A long, thin, pliable carpet is laid on a floor. One end of the carpet is bent back and then pulled backwards with constant speed $v$, just above the part of the carpet which is still at rest on the floor. What is the minimum force needed to pull the moving part if the carpet has mass $m$ per unit length?

Three different approaches lead to 2 different values for the minimal force: $\frac{mv^2}{4}$ and $\frac{mv^2}{2}$. Which ones are correct? How does energy and momentum conservation happen in this specific system?

I believe correct answer to this question might be useful for general audiences and for pedagogical reasons, because it addresses a certain mistake that people often do in similar problems.

My effort at answering the question.

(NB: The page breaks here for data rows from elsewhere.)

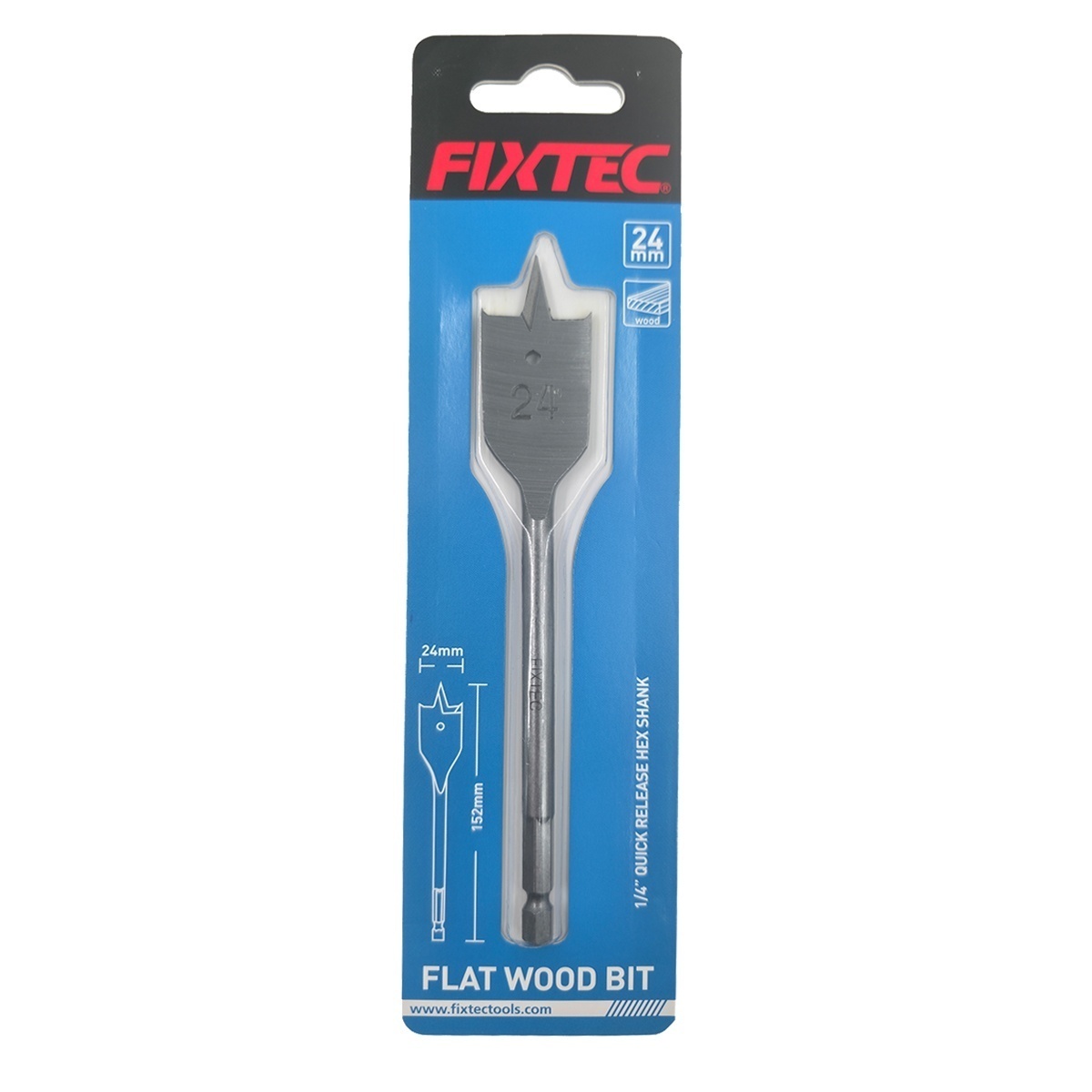 Burghiu tip paleta pentru lemn FIXTEC 24 mm x 152 mm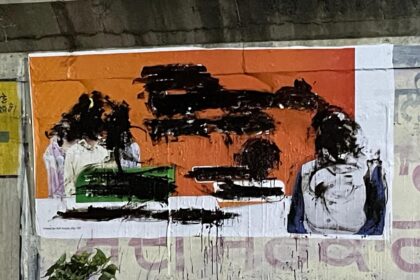 Black paint on BJP's Posters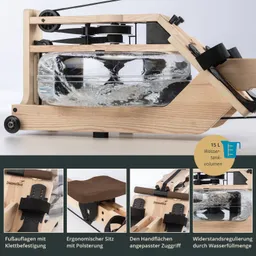 Rudergerät aus Holz mit Wasserbehälter, ergonomischem Sitz, Fußauflagen und Widerstandsregulierung. Wasserfüllung sichtbar.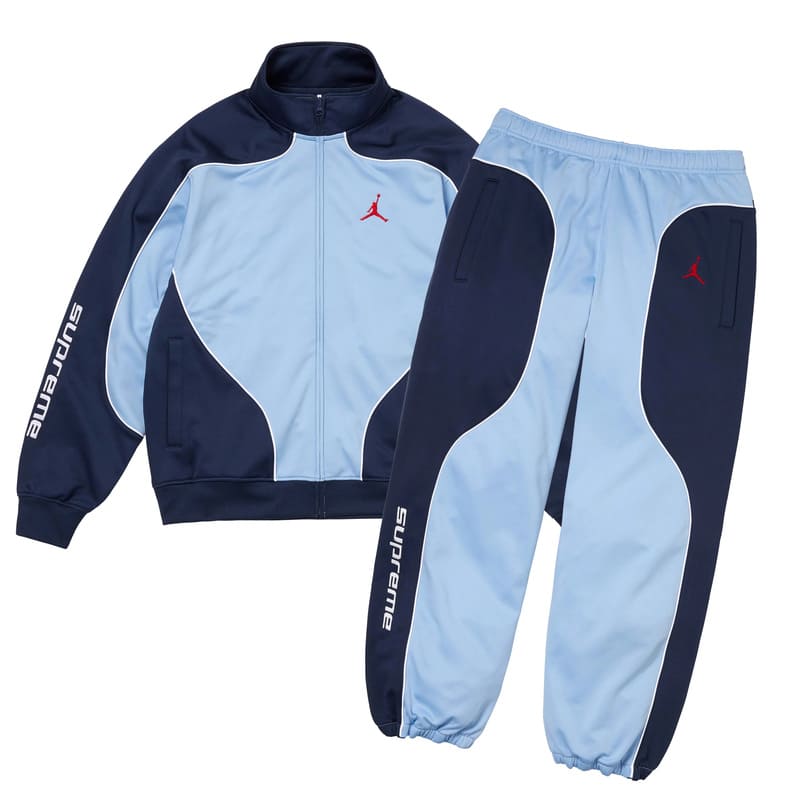 Conjunto Supreme x Jordan Tricot Track Blue - Encomenda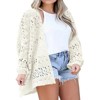 Coolmee Womens Plus Size Crochet Cardigan Boho Long Sleeve Oversized Open Front Knitted Sweater - 2 of 4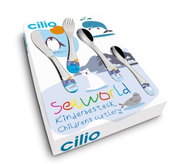 Kinderbesteck SEAWORLD 4-tlg. mit bunten Meeresmotiven, inklusive Wal, Pinguin und Eisbär, auf einer Verpackung aus der Vogelperspektive.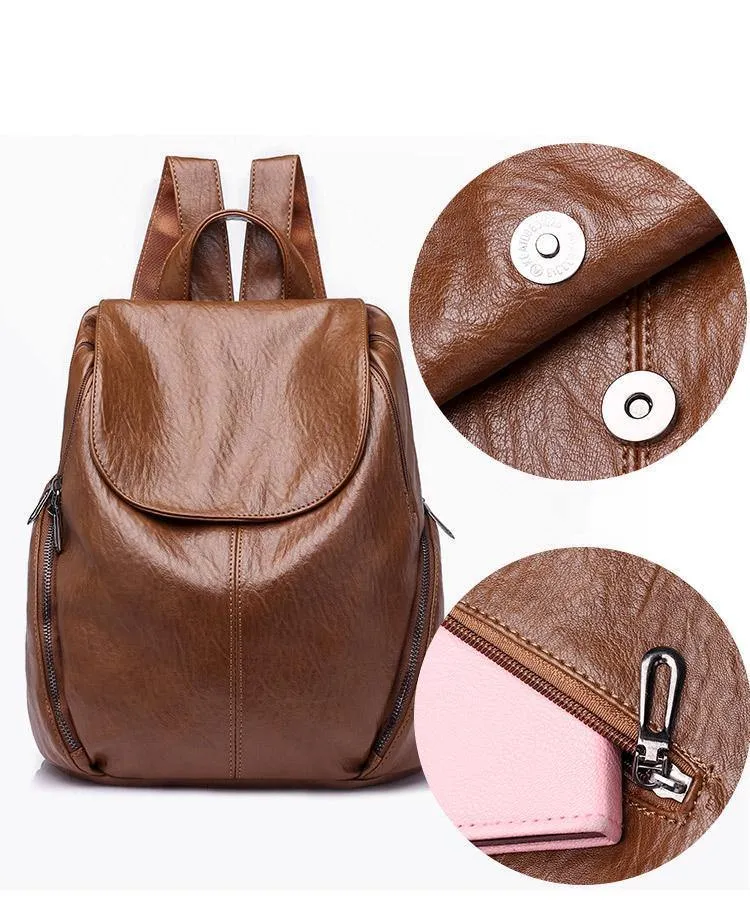 Damen Rucksack Feminin Freizeit Rucksack PU Leder Mochila Escolar Vintage Taschen für Damen Damen Rucksäcke Fashion Daypack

I get the answer $\color{blue}{F_{\text{min}}=\frac{mv^2}{4}}$. Below I give detailed analysis why this is so. My solution is in agreement with conservation of energy and I explain why energy is conserved. Also an explanation from purely dynamical considerations is given by calculating the tension of the carpet at the bending region.

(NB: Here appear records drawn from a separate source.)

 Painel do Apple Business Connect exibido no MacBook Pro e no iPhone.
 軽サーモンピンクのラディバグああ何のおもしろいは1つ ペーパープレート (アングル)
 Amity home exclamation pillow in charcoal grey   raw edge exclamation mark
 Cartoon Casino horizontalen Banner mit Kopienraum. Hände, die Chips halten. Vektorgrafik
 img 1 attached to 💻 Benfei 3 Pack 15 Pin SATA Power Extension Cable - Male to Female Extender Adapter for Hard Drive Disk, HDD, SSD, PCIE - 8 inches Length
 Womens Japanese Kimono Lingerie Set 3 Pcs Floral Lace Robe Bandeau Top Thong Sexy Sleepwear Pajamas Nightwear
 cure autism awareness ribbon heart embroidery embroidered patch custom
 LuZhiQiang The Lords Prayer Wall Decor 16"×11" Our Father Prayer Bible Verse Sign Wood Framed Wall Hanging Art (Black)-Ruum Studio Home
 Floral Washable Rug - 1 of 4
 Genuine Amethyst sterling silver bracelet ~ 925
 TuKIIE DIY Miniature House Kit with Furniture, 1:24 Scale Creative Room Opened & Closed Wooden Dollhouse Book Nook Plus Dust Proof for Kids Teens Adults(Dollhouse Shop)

First attempt. Let's consider how new elements of the carpet are brought into motion.

This increase doesn't happen abruptly by a jerk, so energy is not dissipated. To see this consider a wheel moving on a flat surface without slippage with constant speed $v/2$. If we go in the clockwise direction from the lowest point of the wheel, then the velocity of the points on the circumference gradually increase from $0$ to $v$ at the highest point, then gradually decrease to $0$ at the second half. This is well known, no jerking motion happens.

Similarly to the fact that energy is conserved for a wheel rolling without slippage the energy is conserved in the case of the carpet too: the work done by the pulling force $F\cdot 2L$ is converted into kinetic energy of the carpet $mLv^2/2$: $F\cdot 2L=mLv^2/2$, thus $F_{\text{min}}=mv^2/4$.

Second attempt. One might object that the bending of the carpet is not circular. In fact in the above reasoning this doesn't matter. But let's show this doesn't matter in another context too by calculating the tension of the carpet at the bending region.

We assume the bending curve has the same constant form at all times. When viewed in the reference frame moving with speed $v/2$ in the direction of the the external force $F$ this bending curve seems stationary. In this reference frame carpet 'flows' along this curve with constant speed $v/2$.

Now consider a certain element of this curve. Let $R$ be the curvature radius, $\phi\ll 1$ - the angle that this element is seen from the center of curvature. The length of the element and its mass is $mR\phi$. The tension if the carpet $T$ gives this element the centrifugal acceleration $\frac{v^2}{4R}$:

$$ T\cdot \phi=mR\phi\cdot \frac{v^2}{4R} $$

Thus $T=\frac{mv^2}{4}$ independent of the curvature.

Now we get the required minimal force that is needed to pull the end of the carpet with constant speed $v$: $F_{\text{min}}=T=mv^2/4$.

Is this analysis in agreement with conservation of momentum? There are two forces that act on the carpet as a whole in the horisontal direction: the pulling force $F$ and the friction force of the floor $F_{fr}$. If the carpet is not sliding along the floor then $F_{fr}=T=mv^2/4$. $F_{fr}$ acts in the same direction as the pulling force $F$. These two forces combined give the carpet the momentum $mLv$: $$(F+F_{fr})\cdot \frac{2L}{v}=(mv^2/4+mv^2/4)\cdot 2L/v=mLv$$ as required.

Third attempt. This is taken from the book https://www.amazon.com/200-Puzzling-Physics-Problems-Solutions-ebook/dp/B00E3UR79U . They get different answer from the two approaches above: $\color{red}{F_{\text{min}}=\frac{mv^2}{2}}$. Also they make a conclusion from this that half of the work done by pulling force is dissipated as heat.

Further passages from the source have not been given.